A man's haircut (nothing fancy)?
A movie ticket?

That's all for now. My thanks to anyone who can fill in any gaps.


----------



## SteveHall (Oct 17, 2008)

Welcome! If you look through previous threads you will find answers to many of your questions I am sure.

Like everywhere else in the world prices vary according to where you have a beer/coffee etc but in general one could say that eating/drinking out is inexpensive by Western standard. A haircut would also be cheap but a telephone line would be more expensive than anywhere I know in W.Europe. 

The cinema is inexpensive and on their "special day" often as low as 3 /4 euros. 

If you can't find specific answers just shout.


----------



## jojo (Sep 20, 2007)

Overseas Retirement said:


> Hello,
> This is my first post to the forum. I am thinking of moving to the Costa Tropical and wondered if anyone could fill in some blanks I have in my cost of living research?
> 
> These are they:
> ...


gosh lotsa questions all at once!! All areas are different, dear parts, cheap parts, as with everywhere, but altho Spain is no longer quite as cheap as it used to be, its still not quite as dear as say, the UK, I dont know how it compares with the states??
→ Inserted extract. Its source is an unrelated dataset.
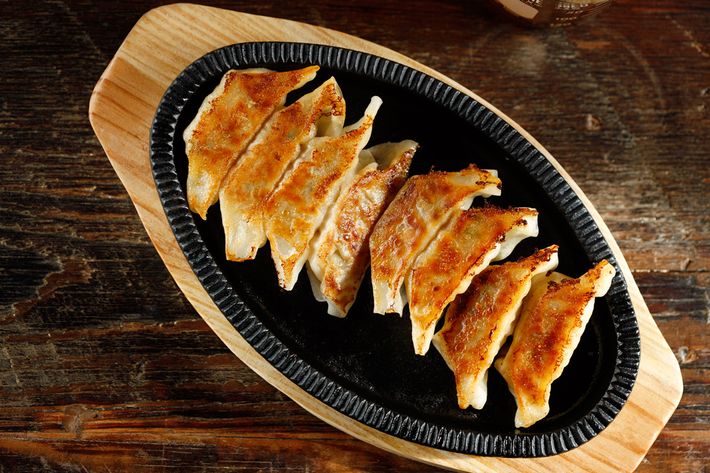 The teppan gyoza (pork, cabbage, and ginger) come out sizzling.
I would say a retired couple who arent too extravagant could be comfortable on around 1,500€ - 2,000€ a month??? obgviously the more the better 

You probably have to take into account the euros fluctuation in the money market too 

Anyway, in my area (costa del sol) : 

Menu del dia is around 7€
A beer, is around 1.50€
A coffee, 1.20€
not a clue about a mans hair cut or a movie ticket, altho I´m taking my daughter and her friends to the cinema on Saturday, so I can let you know after that... I hope its not too dear!

I´ve kinda covered some of your questions, but do have a look around the forum, cos they´ll be more accurate info I´m sure

jo xx


----------



## Overseas Retirement (Apr 30, 2009)

*Cost of living*

Thank you Jo for your reply. There are more 'costs' in the forum but they are from previous years so I appreciate your up-to-the-minute information.



jojo said:


> gosh lotsa questions all at once!! All areas are different, dear parts, cheap parts, as with everywhere, but altho Spain is no longer quite as cheap as it used to be, its still not quite as dear as say, the UK, I dont know how it compares with the states??
> 
> I would say a retired couple who arent too extravagant could be comfortable on around 1,500€ - 2,000€ a month??? obgviously the more the better
> 
> ...


----------



## jojo (Sep 20, 2007)

just returned from the 20 screen multiplex cinema at plaza mayor, very posh and it costs 5€ Is that good or bad.... !

Jo xxx


----------



## pansypotter (Apr 12, 2009)

Overseas Retirement said:


> Hello,
> This is my first post to the forum. I am thinking of moving to the Costa Tropical and wondered if anyone could fill in some blanks I have in my cost of living research?
> 
> These are they:
> ...



Hi,

My place at the Costa Tropical (all approximate)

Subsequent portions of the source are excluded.